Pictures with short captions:
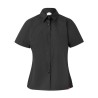 Camisa mujer m/c velilla 538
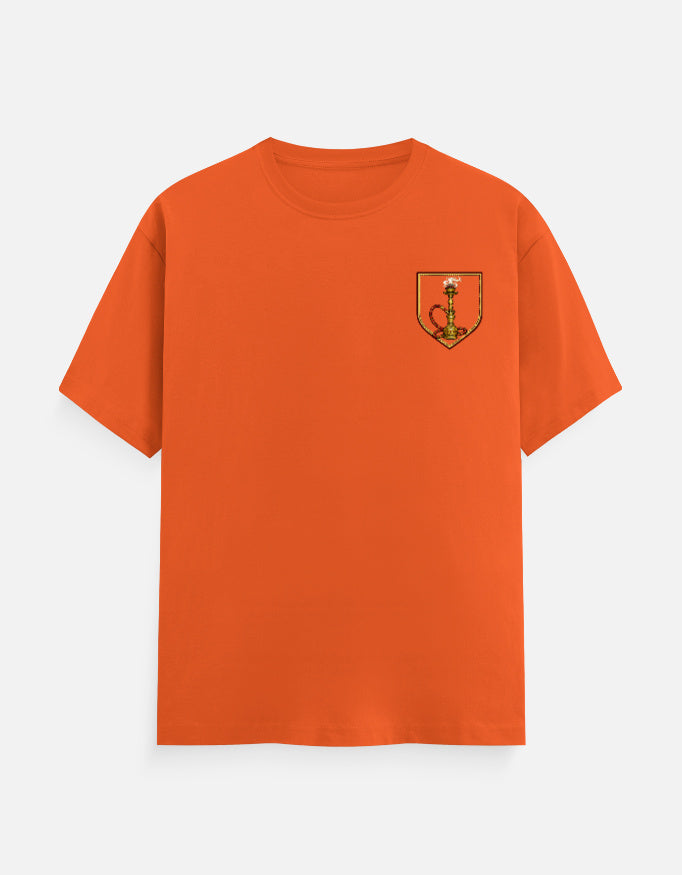 Front_1_c_33.jpg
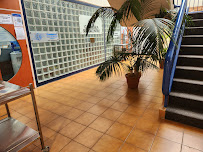 Canberra Surgicentre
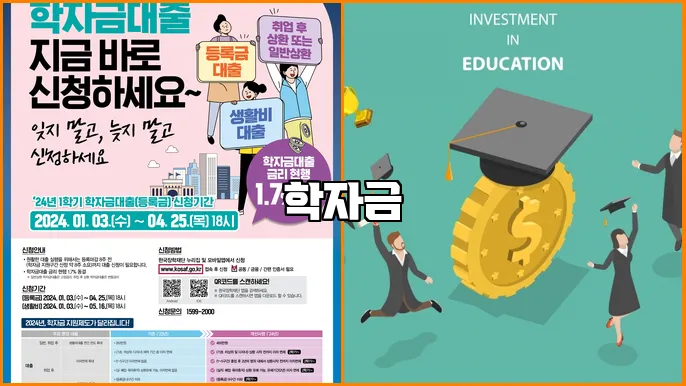 학자금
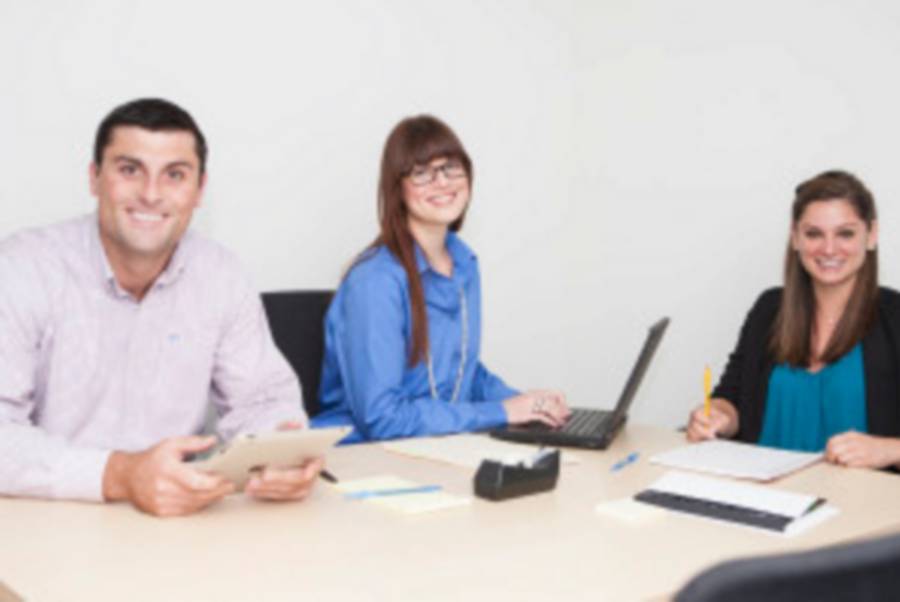 Understanding Language Interpretation and Translation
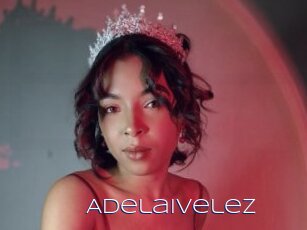 Adelaivelez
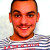 Rencontrer Homme hem Aurel2707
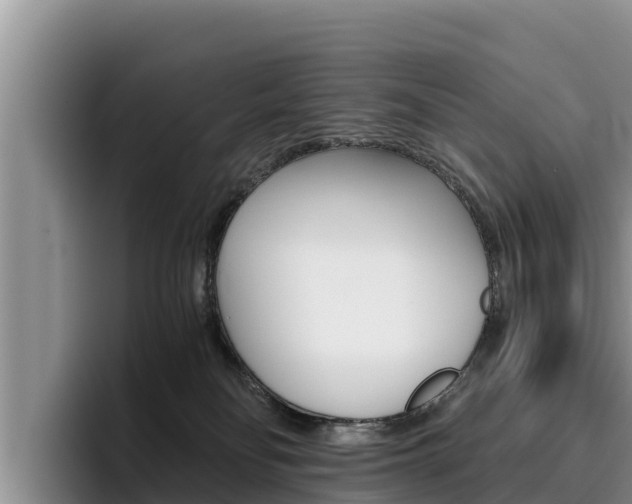 X0000096220134200801181037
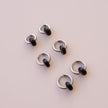 Arete Onix Mini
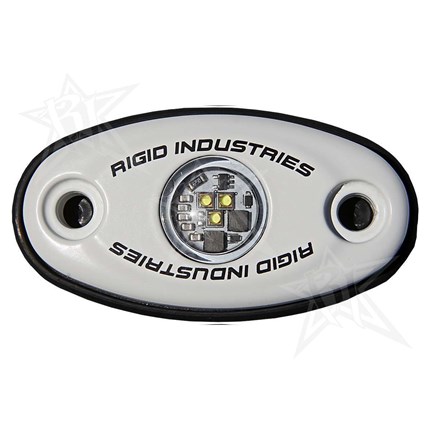 rigid-industries-48013
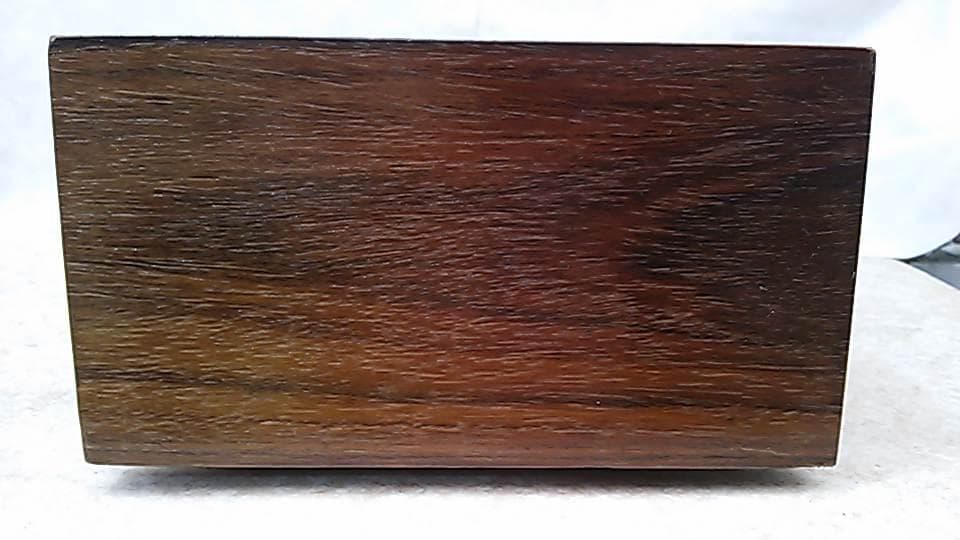 山﨑 美品 LUXMAN A3300 プリアンプ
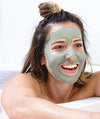 Blue Gum Mud Mask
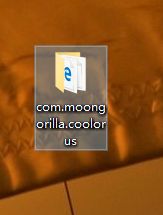 psɫ�������ô��װ?psɫ�������װ�̳�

TASK STATEMENT:
With all pictures excluded, output exactly the lines from the one containing "X0000096220134200801181037" through the final line of the entries, inclusive.

COMPLETED EXERCISE:
 X0000096220134200801181037
 Arete Onix Mini
 rigid-industries-48013
 山﨑 美品 LUXMAN A3300 プリアンプ
 Blue Gum Mud Mask
 psɫ�������ô��װ?psɫ�������װ�̳�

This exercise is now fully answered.